Album Review: Abandon Hope – Settle The Score

Bands aus Amerika haben schon längst kein Monopol mehr auf groovigen, dreckigen Südstaaten-Rock, denn moderner Heavy Metal, mit Southern Rock Einschlag, kommt auch aus dem deutschen Münster! Das groovende Quartett „Abandon Hope“ stammt aber sicherlich aus der südlichsten Ecke der Stadt. Irgendwo zwischen der örtlichen Whiskey-Destillerie und einer Lagerfeuerstätte, wo man in die laue Sommernacht hinein zusammen abhängen kann, um, vom Klang der zirpenden Grillen begleitet, die Gitarre auszupacken. Das Lagerfeuer wird dann auch mal schnell plattgewalzt und die akustische Gitarre am Baum zerschmettert. Denn „Abandon Hope“ rocken und das gewaltig. Da steckt viel drin von der tief-düsteren, schwermetallisch-endzeitlichen Whiskey-Seligkeit der „Black Label Society“. Bei „Abandon Hope“ klingt schon der Bandname düster und so ist auch die Atmosphäre, welche das Album „Settle The Score“ verbreitet.

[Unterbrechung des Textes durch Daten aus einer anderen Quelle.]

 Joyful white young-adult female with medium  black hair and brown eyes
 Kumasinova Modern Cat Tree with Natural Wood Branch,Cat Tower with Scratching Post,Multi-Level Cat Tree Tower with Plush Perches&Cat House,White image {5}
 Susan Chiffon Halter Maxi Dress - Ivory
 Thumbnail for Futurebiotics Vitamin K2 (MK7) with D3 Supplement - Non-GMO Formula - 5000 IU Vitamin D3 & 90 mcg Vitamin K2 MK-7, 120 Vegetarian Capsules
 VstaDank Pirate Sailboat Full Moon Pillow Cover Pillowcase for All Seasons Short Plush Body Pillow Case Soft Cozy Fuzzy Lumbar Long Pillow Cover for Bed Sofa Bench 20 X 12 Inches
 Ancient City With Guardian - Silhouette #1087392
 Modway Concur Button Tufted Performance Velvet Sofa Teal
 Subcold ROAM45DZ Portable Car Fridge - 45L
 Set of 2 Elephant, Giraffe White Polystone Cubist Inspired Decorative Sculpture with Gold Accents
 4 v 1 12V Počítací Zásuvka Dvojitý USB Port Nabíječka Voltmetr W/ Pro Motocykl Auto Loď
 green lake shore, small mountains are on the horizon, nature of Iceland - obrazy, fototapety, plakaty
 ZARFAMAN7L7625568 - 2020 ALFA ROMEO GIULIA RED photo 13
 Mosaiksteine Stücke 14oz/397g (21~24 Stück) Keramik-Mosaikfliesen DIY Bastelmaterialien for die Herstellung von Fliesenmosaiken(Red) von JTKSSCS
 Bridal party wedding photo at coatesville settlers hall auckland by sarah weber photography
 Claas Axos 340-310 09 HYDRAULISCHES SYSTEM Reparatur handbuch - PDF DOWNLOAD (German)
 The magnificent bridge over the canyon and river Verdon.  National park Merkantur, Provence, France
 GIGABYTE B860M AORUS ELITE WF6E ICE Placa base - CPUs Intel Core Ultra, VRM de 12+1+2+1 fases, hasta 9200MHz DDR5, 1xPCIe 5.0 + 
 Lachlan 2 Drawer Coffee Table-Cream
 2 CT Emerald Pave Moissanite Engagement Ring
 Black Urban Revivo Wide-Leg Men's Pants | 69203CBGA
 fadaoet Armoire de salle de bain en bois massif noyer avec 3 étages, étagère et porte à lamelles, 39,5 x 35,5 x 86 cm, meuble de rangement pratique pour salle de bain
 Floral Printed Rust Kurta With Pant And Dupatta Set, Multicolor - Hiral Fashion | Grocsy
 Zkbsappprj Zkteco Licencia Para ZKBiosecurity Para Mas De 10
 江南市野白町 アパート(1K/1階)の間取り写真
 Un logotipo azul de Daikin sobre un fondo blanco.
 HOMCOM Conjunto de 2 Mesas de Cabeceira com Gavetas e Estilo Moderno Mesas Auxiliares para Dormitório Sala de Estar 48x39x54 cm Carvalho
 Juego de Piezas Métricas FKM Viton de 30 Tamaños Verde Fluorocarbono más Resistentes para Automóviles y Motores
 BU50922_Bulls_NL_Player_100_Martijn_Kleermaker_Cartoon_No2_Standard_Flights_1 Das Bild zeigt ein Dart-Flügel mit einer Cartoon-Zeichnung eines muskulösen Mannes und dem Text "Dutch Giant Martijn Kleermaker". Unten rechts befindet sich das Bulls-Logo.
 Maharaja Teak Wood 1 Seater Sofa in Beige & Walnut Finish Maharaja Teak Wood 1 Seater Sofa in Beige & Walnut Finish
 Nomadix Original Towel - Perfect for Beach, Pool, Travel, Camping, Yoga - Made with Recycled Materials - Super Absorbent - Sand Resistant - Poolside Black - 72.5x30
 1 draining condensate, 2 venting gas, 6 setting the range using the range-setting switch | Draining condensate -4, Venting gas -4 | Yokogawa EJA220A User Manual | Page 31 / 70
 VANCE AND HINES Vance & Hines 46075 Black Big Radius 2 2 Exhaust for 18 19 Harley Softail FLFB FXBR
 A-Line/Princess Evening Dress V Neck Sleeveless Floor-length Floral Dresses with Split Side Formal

Abandon Hope - Settle The Score

Obwohl die Band bereits seit mehr als zehn Jahren aktiv ist, stellt das aktuelle Werk „Settle The Score“ erst die zweite Veröffentlichung neben der EP „Existence“ dar. Und das Debüt „The Endless Ride“ hat auch schon satte acht Jahre auf dem Buckel. „Settle The Score“ ist allgemein betrachtet eine ordentlich produzierte Scheibe, die einige Durchläufe benötigt, da man im ersten Augenblick etwas verwirrt ist. Man bekommt den Gedanken nicht los, dass hier vielleicht mehrere Bands auftrumpfen, denn Einflüsse von Zakk Wylde, Life of Agony, Danzig, Soundgarden, Pantera, Alice in Chains, Clutch, Orange Goblin und Co. lassen sich nicht leugnen. Doch diese sind nicht der Massstab, sondern lediglich die Inspirationsquelle der Band. Denn sicherlich erreichen „Abandon Hope“ nicht die Qualität dieser Grössen, aber den besonderen Effekt an einem Song hängen zu bleiben und abzugehen, erreichen sie allemal.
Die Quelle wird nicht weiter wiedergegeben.